Cummings the clear choice No one close: Margin of victory leaves little doubt about voters' preference.

March 07, 1996

FROM THE BEGINNING, it was suspected that the race for the Democratic nomination in the 7th Congressional District might become a duel between state Del. Elijah E. Cummings and Rev. Frank M. Reid III. There were some wild cards that could have upset that possibility -- veteran legislators such as state Sen. Delores Kelley and Del. Ken Montague or the well-known lawyer A. Dwight Pettit. But the two candidates with the most potential for raising money and appealing to voters were Messrs. Cummings and Reid.

That Mr. Cummings won the election so decisively, with 37 percent of the vote compared to Reverend Reid's 24 percent, indicates he may have been the favorite of voters all along.

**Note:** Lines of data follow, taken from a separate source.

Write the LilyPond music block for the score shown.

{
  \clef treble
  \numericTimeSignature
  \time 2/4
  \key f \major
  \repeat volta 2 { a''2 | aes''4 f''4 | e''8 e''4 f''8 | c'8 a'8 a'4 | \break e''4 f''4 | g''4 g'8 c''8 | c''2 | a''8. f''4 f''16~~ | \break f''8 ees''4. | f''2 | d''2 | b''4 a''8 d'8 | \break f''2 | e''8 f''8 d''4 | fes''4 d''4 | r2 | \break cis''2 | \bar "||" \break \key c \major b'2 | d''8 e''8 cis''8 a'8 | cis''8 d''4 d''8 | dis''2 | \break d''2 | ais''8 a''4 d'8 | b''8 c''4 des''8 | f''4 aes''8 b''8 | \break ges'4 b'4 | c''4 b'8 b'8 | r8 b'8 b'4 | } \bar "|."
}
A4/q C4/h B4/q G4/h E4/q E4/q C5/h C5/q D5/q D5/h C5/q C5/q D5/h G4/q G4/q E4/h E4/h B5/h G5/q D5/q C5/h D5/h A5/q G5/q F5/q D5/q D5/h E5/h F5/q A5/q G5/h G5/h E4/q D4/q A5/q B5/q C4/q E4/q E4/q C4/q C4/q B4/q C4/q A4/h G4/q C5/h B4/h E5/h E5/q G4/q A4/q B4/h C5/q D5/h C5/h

It is very disappointing that less than a quarter of the eligible voters chose to participate in this election, which offered the most exciting Democratic match-up on the Maryland ballot. But Mr. Cummings' margin of victory certainly indicates a bigger turnout might not have changed the outcome. Like any other poll, an election is a good reflection of general opinions.

The low turnout probably had less to do with Tuesday's light rain than it did the indecisiveness of voters who had trouble choosing from among so many candidates. That large field, however -- 27 Democrats and five Republicans -- is something that the 7th District should really be proud of.

It is a testament to the number of people who live within its boundaries and want to fill a position of leadership. Many are already giving back to the district, as legislators, as ministers, as civil servants and community activists. It is heartening to know they will continue in those roles long after this election is forgotten.

The Republican primary winner was Kenneth Kondner, who owns an orthodontic appliance company. This will be the fourth time Mr. Kondner has run for the 7th District seat, having previously been defeated three times by former Rep. Kweisi Mfume, who resigned this year to become head of the NAACP.

Mr. Kondner easily won his primary, but only 5,550 votes were cast in that election. He has little chance of successfully challenging Mr. Cummings in either the April 16 special election to complete the remainder of Mr. Mfume's term or the Nov. 5 general election. Both winners, though, deserve congratulations.